Dark-colored grout fades quicker than light-colored grout. A light-colored grout shows stains and dirt. Keep the traffic in the area in mind when making your choice. A high traffic area, such as a kitchen, might not be a good place for very light colored grout, whereas a seldom-used bath is fine for it.

Don't use abrasive scrubbing powders or steel wool on tiles—they can be scratched. Use only soft cleaning cloths and soft-bristle brushes.

Grout being applied to tiles using a grout spreader
Dorling Kindersley/Getty Images

What You'll Need

Equipment / Tools

  • Nylon bristle brush
  • Soft-bristled toothbrush
  • Rubber gloves and safety goggles


  • Spray-on bleach-based cleaner
  • Bottle of grout stain and sealer in white or your preferred color choice
  • Bucket of water
  • Magic sponge eraser
  • Cleaning cloths


  1. Begin With a Good Cleaning

    Cleaning the existing grout is important. You can't stain it when it is covered in dust, soap scum, or cooking grease. The procedure is repetitive, and you'll be on your knees for most of the process, but this project is worth every penny you save by doing it yourself.

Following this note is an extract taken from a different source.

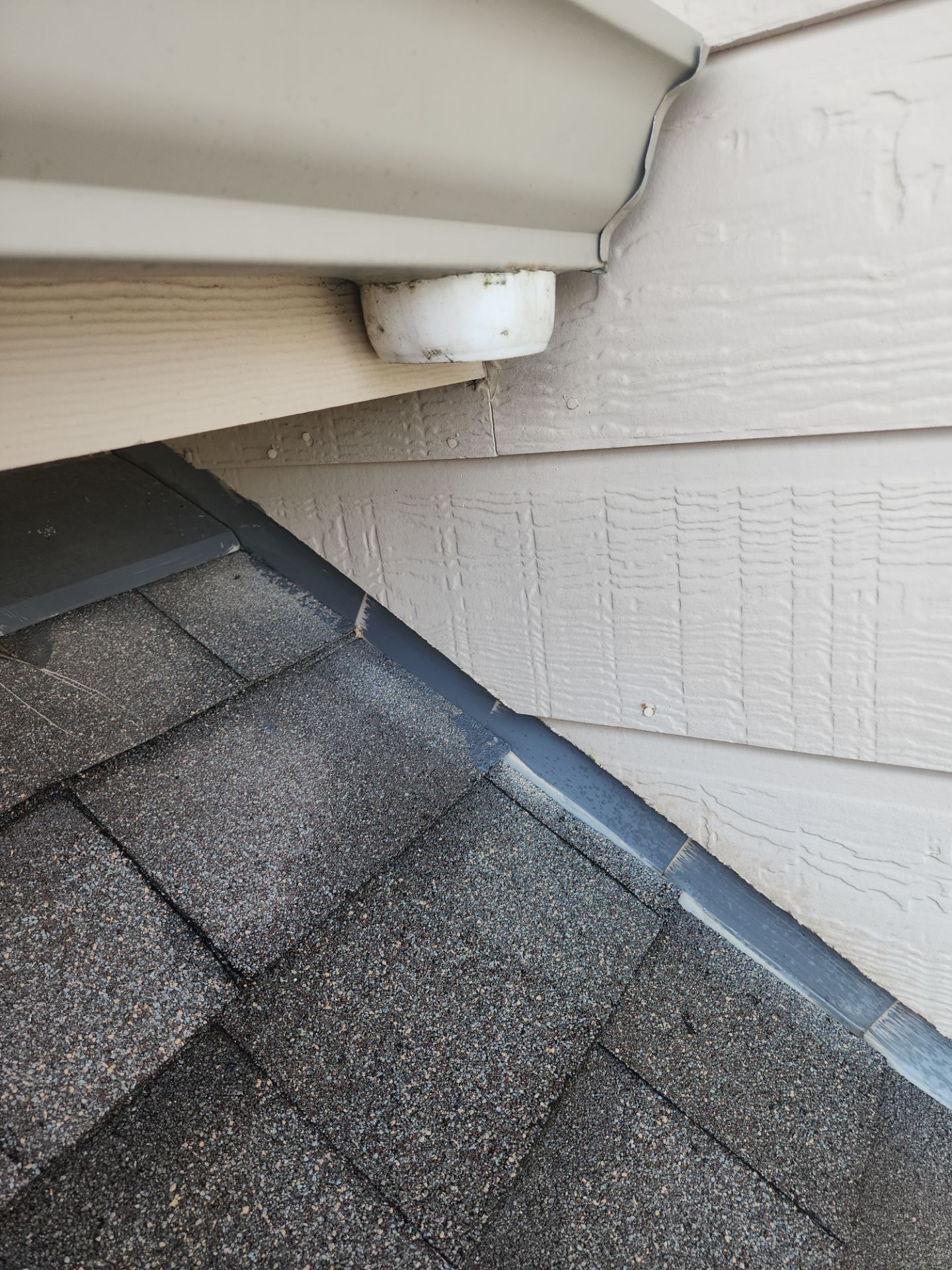 Hail Damage using Owen's Corning Duration (Lifetime) Shingles by Roof Repair Company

    First, open a window or turn on the bathroom fan to provide good ventilation. After putting on your rubber gloves and safety goggles, spray the bleach-based cleaner over a section of grout and tile. Scrub with the bristle brush, being sure to get into the corners, and use the magic sponge eraser to clean stubborn areas and remove soap scum or sticky residue.

    After scrubbing, wipe down the area with the rag and let it dry completely.

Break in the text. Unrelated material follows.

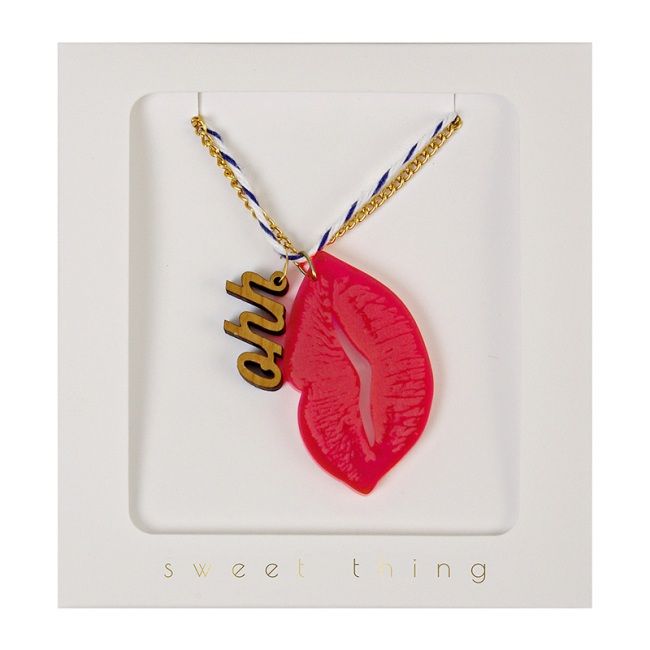 ميري ميري قلادة شفاه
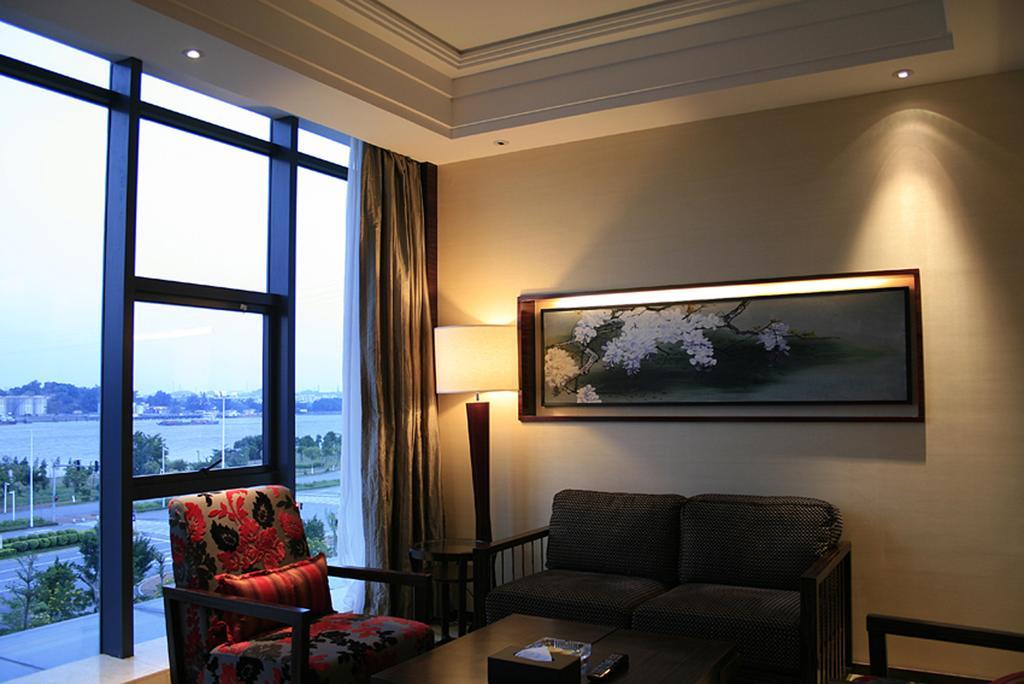Southern Club Hotel Guangzhou Room photo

    Repeat until all areas of tile and grout have been cleaned.


    To make quick work of the grout-cleaning phase of this project, you could consider renting or purchasing a steamer designed for the task. These mini marvels blast your grout with water heated to more than 200 degrees F and have built-in brushes to scrub away the grime the water releases.

    Cleaning Tile Grout With Steam
    BanksPhotos/Getty Images
  2. Apply the Stain

    When the grout is clean and dry, you can stain it.

    First put on your gloves and safety goggles. Next, dip the toothbrush into the bottle of grout stain and sealer to gather a small amount of product. Apply the grout stain to a small area of tile—a 1 square-foot area is a good size—and use the toothbrush to work the stain into the grout.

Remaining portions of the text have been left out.